Within this political reaction chamber Buffini collides the myths of Ancient Greece – the stories of Antigone, Oedipus, Theseus and Pentheus – with the stories of present-day Liberia, Uganda, Rwanda: creation myths all, each telling of the birth of a nation in blood. Taking as her starting point the character of Eurydice, condemned to knit in silence and look on while her husband Creon destroyed nation and family, Buffini creates an epic drama of might have been, a subjunctive parable for our times that sees Creon dead and Eurydice as the ruler who must guide her ravaged nation out of civil war.
Brought out from the mythical shadow of their menfolk, Buffini's women are delivered from their traditional options of suicide or silence into a world of choice and terrible responsibility. Referencing President Ellen Johnson Sirleaf’s Liberia (though keen to stress the non-specific "somewhere" of her location) Buffini sets up a choice for Eurydice, Theban president-elect, between accepting the loaded political aid of the democratic and civilised Athens (an America substitute) and that of Sparta (shades of China). It’s a transposition that fits neatly. perhaps too neatly, walking the fine line between myth and parable at times a little too closely for dramatic comfort.

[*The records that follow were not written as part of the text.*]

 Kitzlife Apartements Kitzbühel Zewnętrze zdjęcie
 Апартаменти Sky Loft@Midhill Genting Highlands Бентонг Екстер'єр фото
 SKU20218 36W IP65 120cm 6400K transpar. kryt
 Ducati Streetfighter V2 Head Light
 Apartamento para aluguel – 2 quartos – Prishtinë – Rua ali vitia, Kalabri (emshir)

To invoke both the epic and the painfully mundane, to reframe ancient myth while simultaneously interrogating contemporary political legends is a huge task and something inevitably has to give. That something is language. Determinedly, aggressively banal, each phrase lands with the blunt impact of an axe blow. Buffini’s is the brutalist architecture of language, eschewing beauty with the unerring precision of a town planning authority. The elegant aphorisms of Greek tragedy are rewritten for our time – “If you intend to fuck with the god of power then make sure you don’t fall asleep beside him” – and revenge becomes a matter of casting someone as your “bitch”. I kept thinking of Debbie Tucker Green’s East/West parable Stoning Mary, the language of its child soldiers and barely educated characters, and longing for just a moment of the brutal beauty of their contorted lines.

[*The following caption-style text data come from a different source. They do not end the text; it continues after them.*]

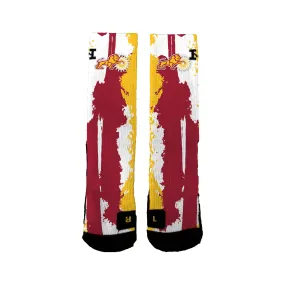 C.s. Lewis Academy  Eruption Socks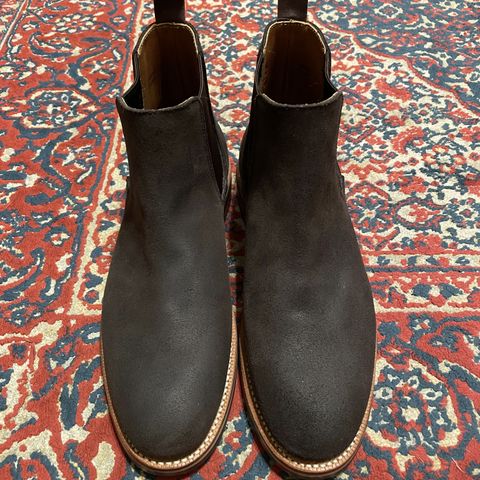 Grant Stone Chelsea Boot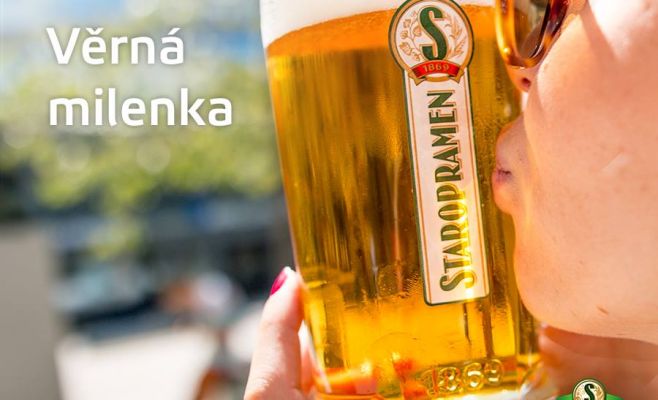 Фестиваль пива Staropramen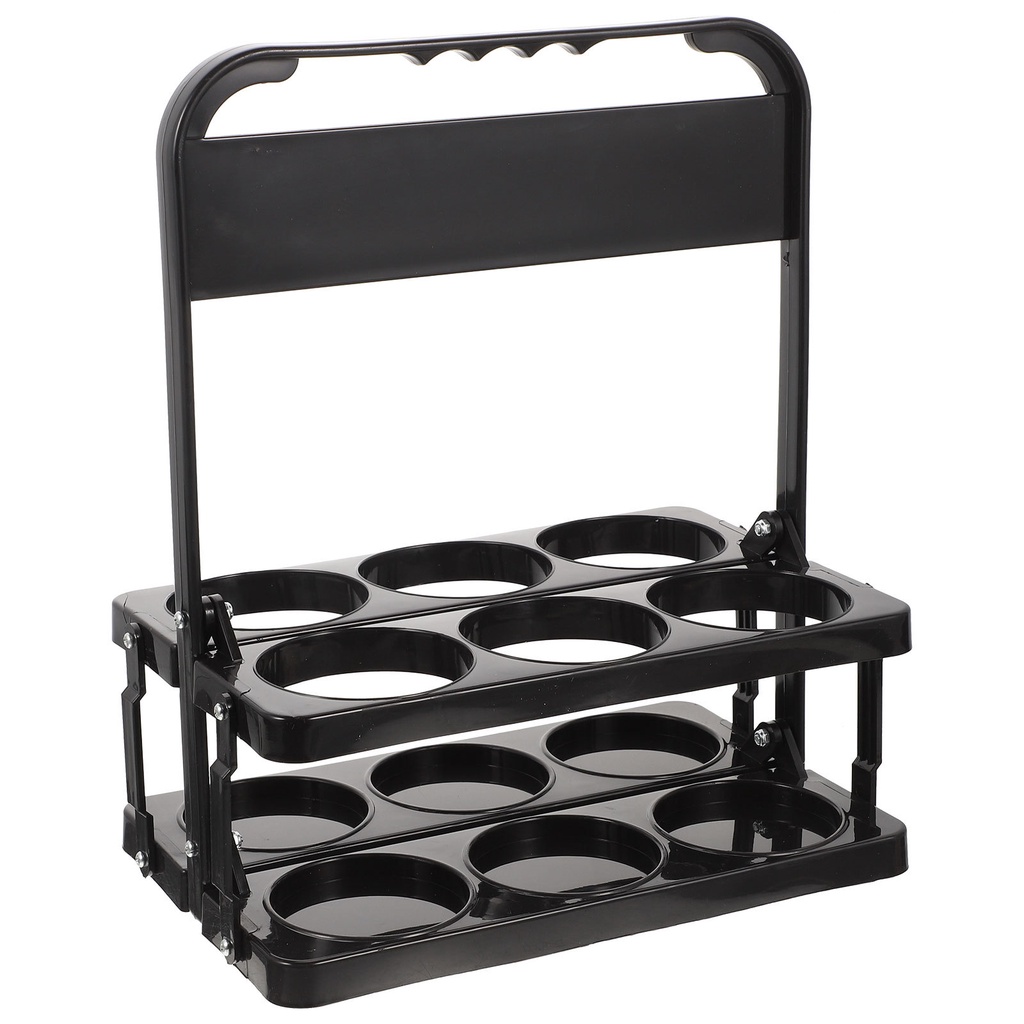 Giá Đỡ Bình Nước Thể Thao Có Thể Gấp Gọn Tiện Dụng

Comedy is also a problem here. Leaving aside the obligatory Oedipus gag (I won’t spoil the fun – it may be the most you have all night), Buffini’s humour seems to belong to a different genre. “On a scale of one to ten, just how fucked is this place?” Far from the awkward-poignant weaponry of tragedy, this comedy is an altogether more stolid exercise in tension-breaking, pulling the tone from awkward extreme to extreme – Loose Women one moment, Sophocles the next.
Set against a single backdrop of a ruined palace, the simplicity of this production reflects a faith in the quality of the play (quite a contrast to the all-singing, all-dancing approach of Marianne Elliott and the team behind the first-rate production of Middleton's second-rate play Women Beware Women, running in repertory in the same theatre). With the focus already firmly on the actors, director Richard Eyre has little to do other than shape the tension/release arcs that dominate each act, and after an awkward start (the less said about meta-theatrics the better) his understated, naturalistic approach yields a pacier Act II.
Rarely bettered in ensemble theatre, the National once again proves its strength. Led by Nikki Amuka-Bird as a strong - if occasionally strident - Eurydice and David Harewood as Athenian Blair-Obama composite Theseus, the sexual politics of the piece are the equal of its ethical dilemmas. This pair are, however, outdone by the powerful duo of Chuk Iwuji as warlord Prince Tydeus and his hard-eyed consort Pargeia (Rakie Ayola), with further support coming from Tracy Ifeachor’s carefully brittle Ismene and the trio of Alexander McCall Smith-esque female ministers.
“The myths are where we risk what we would never risk in life” - Buffini’s is a brave choice of topic; greater than all but a handful of playwrights, such themes as she invokes come with fatal flaws as standard. Framed securely by the conventions of mythology, the play never risks collapse; neither however does it risk greatness. Cushioned by its allusive structure, it is also dulled by it, Buffini herself never quite committing to the risks she demands so strenuously of her characters.